He claims that ‘The prophet proclaimed his new faith of conquest and submission to Allah with the Quran in one hand and a sword in the other.’ Having taken this stance, we would think that he sees all Muslims as extremists and terrorists. But then he mentions ‘moderate Muslims’ and one wonders how Muslims can be moderate when the author just said that the religion they are following only teaches conversion by force and violence.
It is perhaps the author’s wavering opinion, from one chapter to another, more than his biased point of view, which weakens his arguments. Moreover, he chooses to discuss everything from the state of Israel to Osama bin Laden in great detail, while on the other hand falters from debating other historical events such as the Crusades — which were military conflicts in the name of Christianity and a discussion on which would prove that every religion has had its share of fundamentalists. The Nazi Holocaust also shows that Muslims have not been the only ones harbouring anti-Semitic feelings or discriminating against the Jews. Also, the role of Christian missionaries and the fact that they have been accused of forceful conversions in different places is completely ignored by the writer.

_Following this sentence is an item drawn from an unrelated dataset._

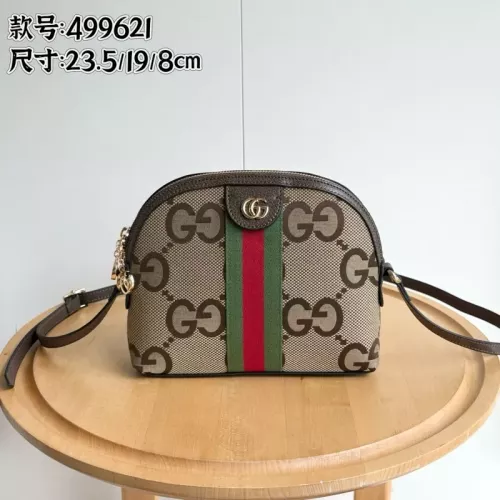 Cheap Gucci AAA Quality Messenger Bags For Women #1357045, $$72.00 USD On Gucci AAA Quality Messenger Bags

As he recounts the history of Jerusalem, the creation of the state of Israel in 1948, the on-going Palestine issue and so on, Jeffrey seems to have difficulty categorising actions into those that are politically or economically-motivated and those carried out for the safeguard of religion. For instance, when discussing Israel, Jeffrey mentions that in 1921, 1929 and 1939, Britain changed its moves in favour of Arab refugees. So what religion were the British following? By failing to make any distinction the writer is in fact confusing readers.
It is also rather unfair to quote people like Saddam Hussein, Bin Laden and Khomeini, because they are by no means the only representatives of Muslims. If the only purpose is to point fingers at each other rather than resolve issues, one can easily find examples of similarly notorious figures in the West.
Jeffrey also ignores the differing views within his western audience: the Bush administration did not receive widespread support for its military activities in Iraq and Afghanistan, there is still ambiguity with regard to the 9/11 terror attacks and it is a known fact that Bin Laden was previously a western ally and clearly, Muslims are not the only possessors of weapons of mass destruction.
Books such as this one can only be detrimental to the cause of inter-faith harmony. Instead of promoting peace between nations, it is disappointing to see a minister engage in Islam-bashing, preach intolerance and give historical justification for the clash of civilisations. It is also astonishing to see him blame Muslims for thinking of their religion as the best of faiths and asking people to join it, when he is unabashedly doing exactly that in order to popularise his own faith.
The only positive outcome of perusing this book is that it will induce readers to investigate further and learn the truth rather than accept Jeffrey’s distorted version of the clash of civilisations. His research and interpretations are, unfortunately, far from exhaustive.